Programmed cell death is a critical process that is necessary to cull damaged cells as well as eliminate unnecessary cells during normal development. Improper regulation of this process can result in neurodegenerative diseases and cancer. While developmental cell death involves the death of healthy cells, most programmed cell death eliminates unhealthy cells that are unable to recover from stress. There are various different types of cellular stress that can result in cell death including oxidative and endoplasmic reticulum stress. The transparent nematode worm Caenorhabditis elegans is an ideal model in which to study programmed cell death due to its short life cycle and genetic tractability. The genes controlling cell death were originally discovered in this organism and the pathway is conserved from C. elegans to humans.

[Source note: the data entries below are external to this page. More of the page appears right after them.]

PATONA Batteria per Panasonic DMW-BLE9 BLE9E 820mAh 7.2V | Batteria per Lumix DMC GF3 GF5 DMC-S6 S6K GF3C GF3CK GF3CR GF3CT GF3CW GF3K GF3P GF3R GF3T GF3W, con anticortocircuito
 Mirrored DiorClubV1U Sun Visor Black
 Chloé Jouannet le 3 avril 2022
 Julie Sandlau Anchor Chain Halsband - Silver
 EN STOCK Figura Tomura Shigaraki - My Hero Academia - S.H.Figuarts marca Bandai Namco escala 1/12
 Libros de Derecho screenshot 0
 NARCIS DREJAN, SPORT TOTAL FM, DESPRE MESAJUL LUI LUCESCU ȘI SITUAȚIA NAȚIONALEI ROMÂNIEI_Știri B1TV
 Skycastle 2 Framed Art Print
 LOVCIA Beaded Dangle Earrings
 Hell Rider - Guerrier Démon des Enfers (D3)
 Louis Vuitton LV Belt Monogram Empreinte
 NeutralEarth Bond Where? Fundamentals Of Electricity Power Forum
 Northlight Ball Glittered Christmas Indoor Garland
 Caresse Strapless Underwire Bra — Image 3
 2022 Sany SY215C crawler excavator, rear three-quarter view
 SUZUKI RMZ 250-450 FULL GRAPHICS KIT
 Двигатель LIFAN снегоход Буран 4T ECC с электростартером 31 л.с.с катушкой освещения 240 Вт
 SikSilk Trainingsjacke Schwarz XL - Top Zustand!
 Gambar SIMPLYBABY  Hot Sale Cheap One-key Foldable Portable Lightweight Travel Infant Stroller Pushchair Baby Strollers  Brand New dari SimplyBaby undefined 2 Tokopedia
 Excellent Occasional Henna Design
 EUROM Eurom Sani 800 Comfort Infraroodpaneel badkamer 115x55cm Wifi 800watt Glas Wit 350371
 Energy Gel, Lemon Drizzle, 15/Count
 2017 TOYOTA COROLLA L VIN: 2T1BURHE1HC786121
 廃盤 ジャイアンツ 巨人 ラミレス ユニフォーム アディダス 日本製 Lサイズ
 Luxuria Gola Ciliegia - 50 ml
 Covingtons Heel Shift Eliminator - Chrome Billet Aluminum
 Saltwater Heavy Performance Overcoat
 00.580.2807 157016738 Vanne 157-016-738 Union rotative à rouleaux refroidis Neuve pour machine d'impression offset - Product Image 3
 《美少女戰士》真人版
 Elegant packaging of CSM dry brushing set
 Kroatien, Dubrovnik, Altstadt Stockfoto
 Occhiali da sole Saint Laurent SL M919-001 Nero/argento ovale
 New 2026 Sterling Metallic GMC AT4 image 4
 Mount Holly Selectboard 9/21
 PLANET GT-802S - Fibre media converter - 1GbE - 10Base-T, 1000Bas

Parkinson's disease is a neurodegenerative disorder that results in progressive loss of motor function. Though the majority of cases are sporadic, a small proportion are due to genetic mutations. One of the proteins involved in familial Parkinson's disease, PINK1, is a mitochondrial serine-threonine kinase that protects mitochondria from oxidative stress and aids in the initiation of mitophagy. Loss of PINK1 function results in increased cell death in humans and Drosophila. In C. elegans PINK-1 instead functions as an activator of programmed cell death. This pro-apoptotic function is due to the N-terminal domain rather than kinase function.

The accumulation of misfolded proteins in the endoplasmic reticulum results in programmed cell death if the unfolded protein response fails to resolve the stress. In C. elegans loss of ICD-1, the homolog of betaNAC, results in excessive ectopic cell death. Loss of ICD-1 function results in the inappropriate targeting of nascent peptides to the endoplasmic reticulum resulting in misfolded protein stress. The cell death induced is completely dependent on CED-4, the Apaf1 homolog, but is more dependent on both the canonical caspase CED-3 in the early-stage embryos and the non-canonical caspase CSP-1 in late-stage embryos. Under stress calcium can be released by the endoplasmic reticulum into the cytoplasm. The calpain CLP-2, a calcium activated protease, is also necessary for late-stage embryonic cell deaths in ICD-1 depleted animals.